Apparently, there are people on Steemit who like me love abandoned places! Steemian @customnature called into life the 'Abandoned Shit Weekly Contest', I missed week 1, but am happy to have stumbled upon the week 2 call for entries. The theme for this week: Homes!
Doel, Belgium, an abandoned city
Quite a short drive from my home (Rotterdam, the Netherlands) lies Doel, a city in Belgium that's literally existing under the smoke of a nuclear reactor. Although this doesn't sound like an ideal place to live anyway, people have lived here for ages and made their homes here.
When the government decided this city should be closed down and cleaned up (in order to be able to expand the Antwerp harbor) the people of Doel didn't want to give up their homes. Because of regulations, they were in their right to keep living in their homes as long as they wanted. The government therefore wasn't able to force people to move, but they could make it so that people would be less inclined to stay. That's why the government would shut down every house, piece by piece, once a person or family moved out.
So what was left in the end? A city with closed down houses, no shops, no stores, and just a few people still occupying their once dream house.
People could still choose to live here, but it would get less rewarding to keep doing so.
A ghost city
This is why Doel became a ghost city. A dream for a photographer and other artists, a nightmare for the people still living there. But I had heard enough about the place to have it on my photography wish list. So I went, on a very cold winters day, to Doel, to see what I could still capture of its soul and current state.
[Do you see the WHALE painted on the side of this house? Didn't mean much to me then... Now the word has meaning!]
As you can see, a lot of houses were painted by graffiti artists. I've really enjoyed finding the best pieces and taking pictures of them! That's the value of photography, even after this city is destroyed I have made some of the work that was done immortal :-)
[Especially love that bird!]
Entering homes
After roaming the streets for a while it was time to enter some homes. Even though most houses were clearly abandoned it still felt like 'breaking and entering'! Houses normally are such protected and personal spaces I really felt weird going through an open front door and seeing the left-overs of what was once a home. Some houses were still clearly inhabited and were decorated with papers saying 'I still live here, please respect my privacy'!
[Of course, broken glass doesn't look inviting!]
Once you're inside the house the real treasure seeking begins. Empty rooms, painted walls, dusty couches, stained and ripped of wallpaper... Sometimes I was confused by what was left by the previous homeowners and what was added or rearranged by other visitors and artists. But that's also what's fun about visiting an abandoned place: what part of it is still real? What part of it isn't?
[What do you think, was the text 'I watched porn here' left by the previous inhabitant or did an artist want to create a joke in this room?]
[Empty bottles everywhere. Maybe some people have lived here temporarily as well after the house was left. Why not? This would have been a free 'roof over your head' for a while!]

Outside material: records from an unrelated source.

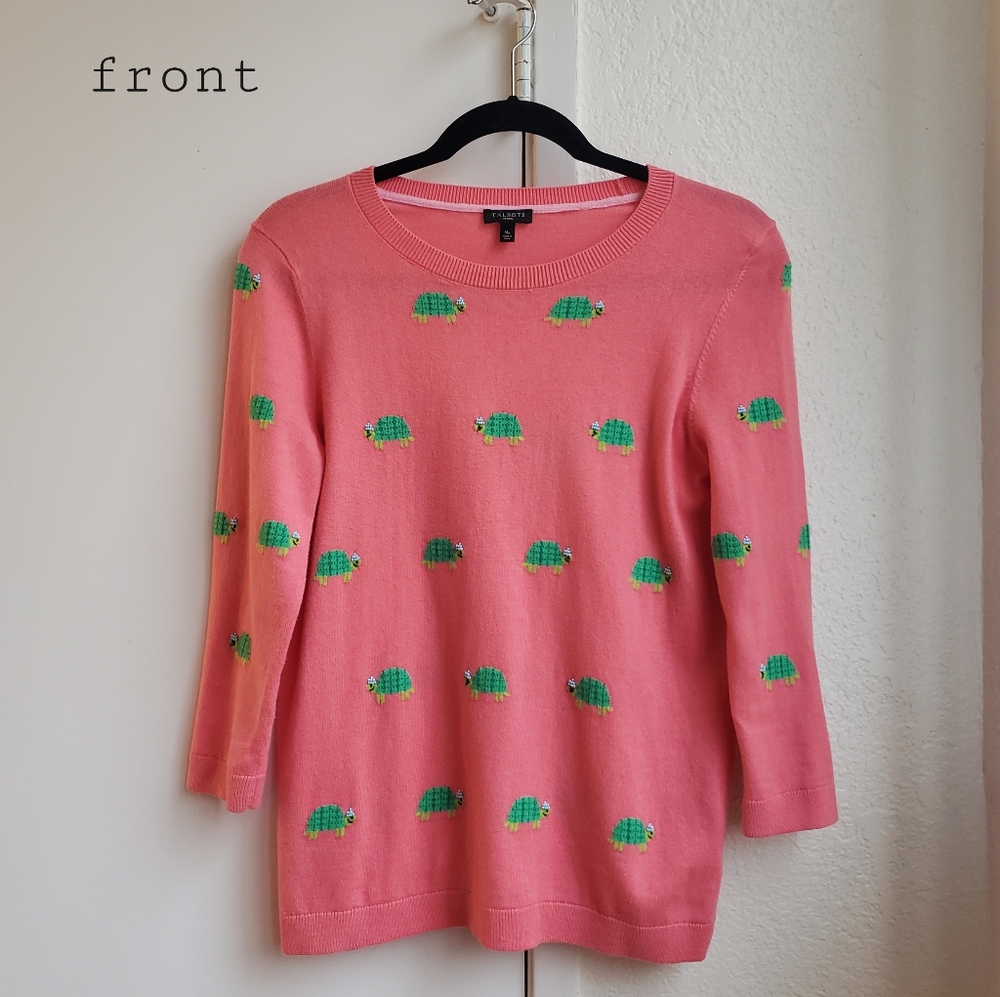Coral Turtle Sweater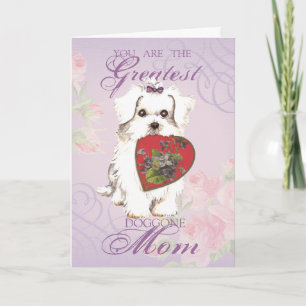Maltese Heart Mum Card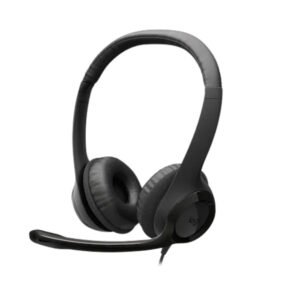 Logitech H390 Wired Headset (981-001576) – USB-C, Wired USB-C, Black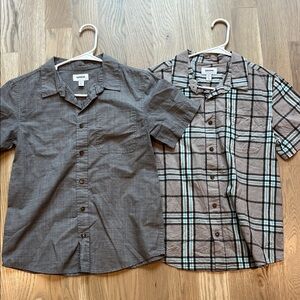Bundle of two boys XL button down shirts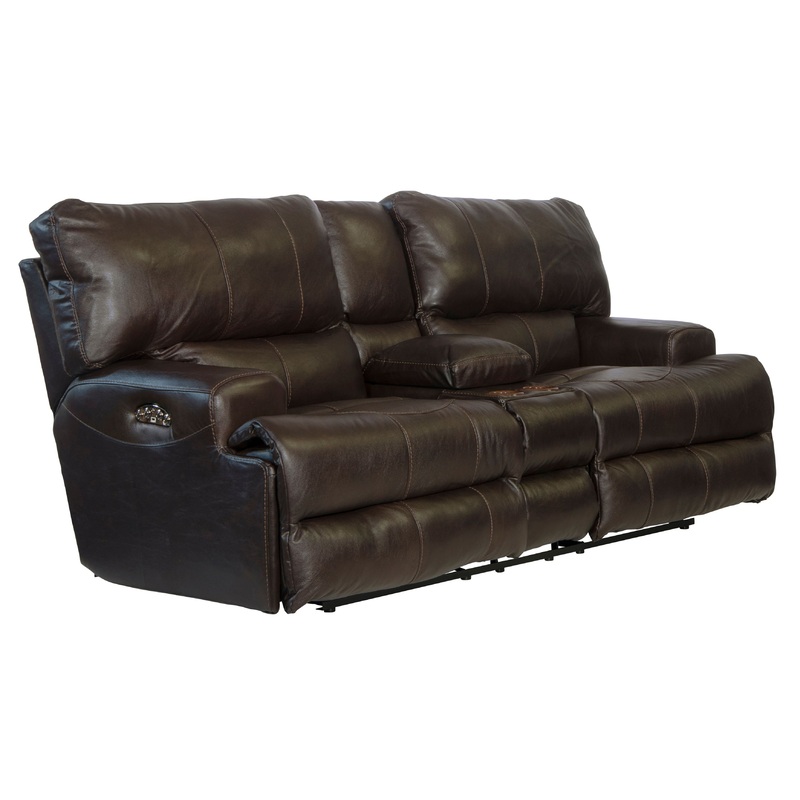 Wembley – Console Loveseat|Chocolate|Walnut|Steel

[I loved this left couch, the 'ALONE' text, the light coming through the window and creating shadows on the wall. Would this house have felt less depressed when it was still filled with people? Or is the moody feeling in this picture what this home always felt like?]
Start and end
I want to close this entry to the 'Abandoned Shit Contest' with a picture of a radio I found in one of the houses. When I look at this picture now I think about times I've had to move. The house you just bought or rented is still empty, you are going to start somewhere and make it a home. The first things you bring to the house are coffee, tea, cookies, some light bulbs and... a radio. Since music makes working bearable :-)
If you look at this picture of the radio it's clearly covered in white paint. The start of creating almost all homes is painting, and white is probably the most used color for that.
So in essence, this picture is a symbol of the beginning and end of creating a 'Home'. Maybe this radio was once splashed in paint when people moved in this house. Now it's left, without an owner, waiting for a bulldozer to demolish the walls and roofs. A relique of home.